2. Identify All Relevant Interested Parties for ISO 9001:2015 and/or ISO 14001:2015
Interested parties are referenced in the standards – but they have different areas of focus depending if we are talking about an ISO 9001:2015 Quality – QMS – or an ISO 14001:2015 Environmental – EMS – Management System (MS). For a QMS, the relevance is more on customers, suppliers, employees, stakeholders; while for an EMS, we might also be considering regulatory bodies, the local neighbors, opposing actions groups, and other groups as needed.
Why do we care about framing this correctly and completely? If we don’t frame it completely, or correctly, we run the risk of overlooking someone who can have a large impact on our success. Spending a little more time here can ensure that you are not blindsided by a group of stakeholders that can affect your business.
3. Clearly Define Management System Scope and Processes
It’s only after we have thoroughly identified and understood our context and interested parties that we are able to then go back and flesh out the MS Scope and Processes that support this. The Scope is the boundaries and applicability of the MS, and needs to take #1 and #2 above into account when setting it.
The processes are means to generate the products or services that we are selling – as I tell my folks, “it’s the reason people pay you money” (so for me, that’s providing training/consulting/auditing services – and there are LOTS of other processes that go into supporting this customer-facing process, and all of them also need to be defined).
Unless we are clear about the products and services we are selling – and this is part of the Scope of the MS – we can’t adequately define the processes that will work for it. Identify ALL key processes, both customer-facing and those that manage or support those customer-facing processes, is key to ensuring that the system is adequately defined, will work well, and is being managed appropriately. Otherwise, as Alice in Wonderland says, ‘if you don’t know where you are going, any road can get you there.”…

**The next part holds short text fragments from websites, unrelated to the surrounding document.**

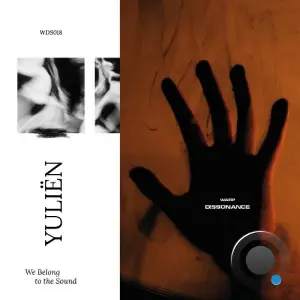 Yuliën - We Belong To The Sound (2026)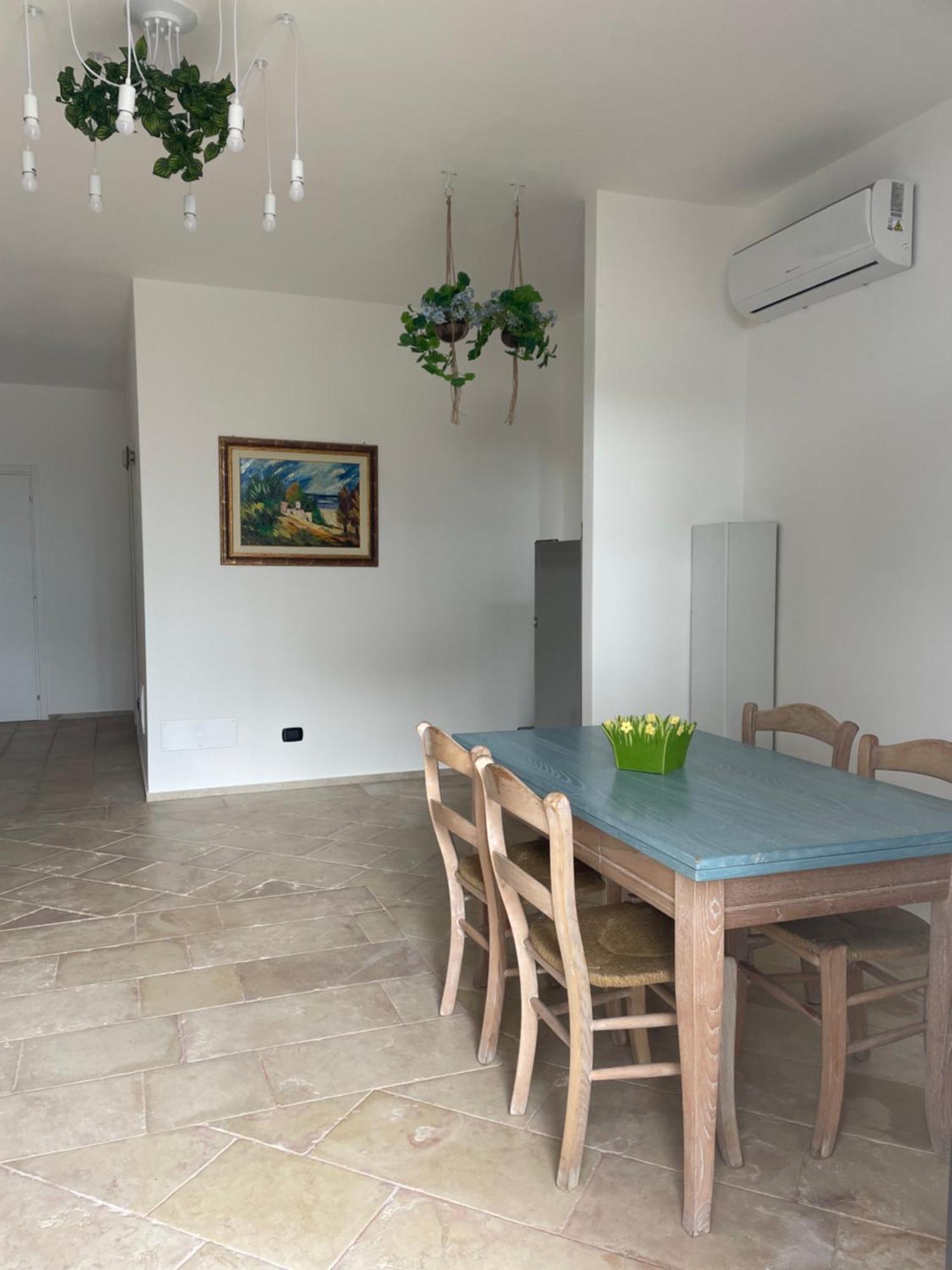 Alla Villa Di Angelo Monopoli Luaran gambar
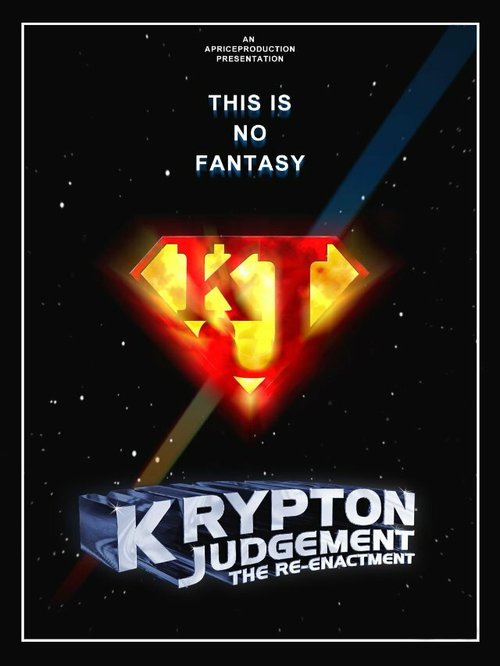 Krypton Judgement the Reenactment mp4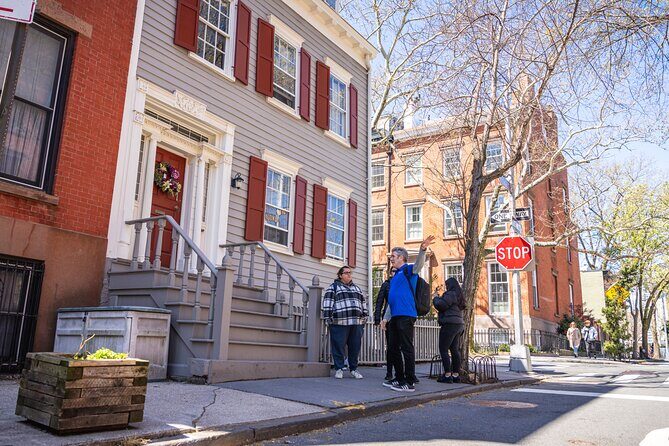 3 Day Experience New York City and Boroughs Explorer - Key Points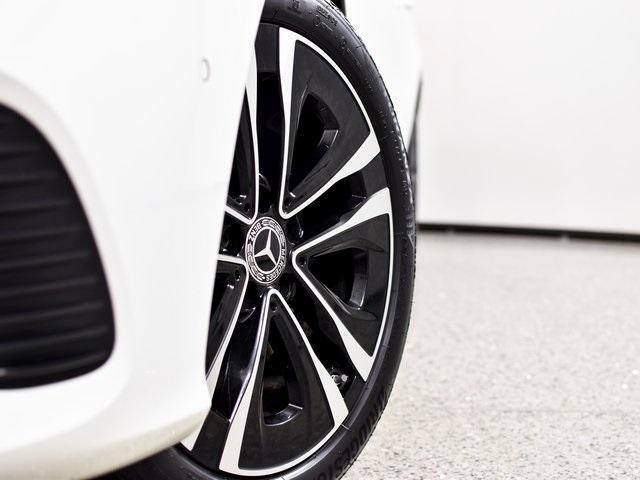 Photo of 2025 Polar White Mercedes-Benz CLA 250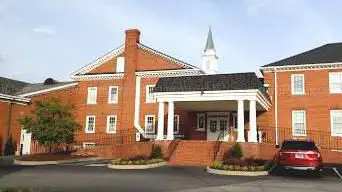 Photo de Cool Spring Baptist Church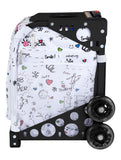 ZÜCA SK8 Sport Rolling Bag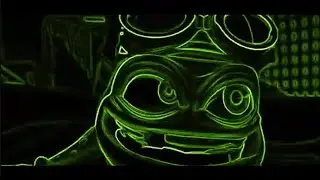 LIVE! MEGA MIX DANCE CRAZY FROG NA-NA -NA (Vocoded)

Once you’ve spent the time and made the effort to lay out a really strong foundation (Clause 4 of the standard), you’re ready to move onward with implementation, and your chance of successful implementation on the first try has just gone WAY up.
Want to find out more about how you can maximize your chances of success? Continue reading this blog (search on key words like “Context of the Organization” or “Interested parties” to see other posts); take a course with us (and get access to the cool worksheets for Clause 4!); and/or contact us directly to talk about your unique needs!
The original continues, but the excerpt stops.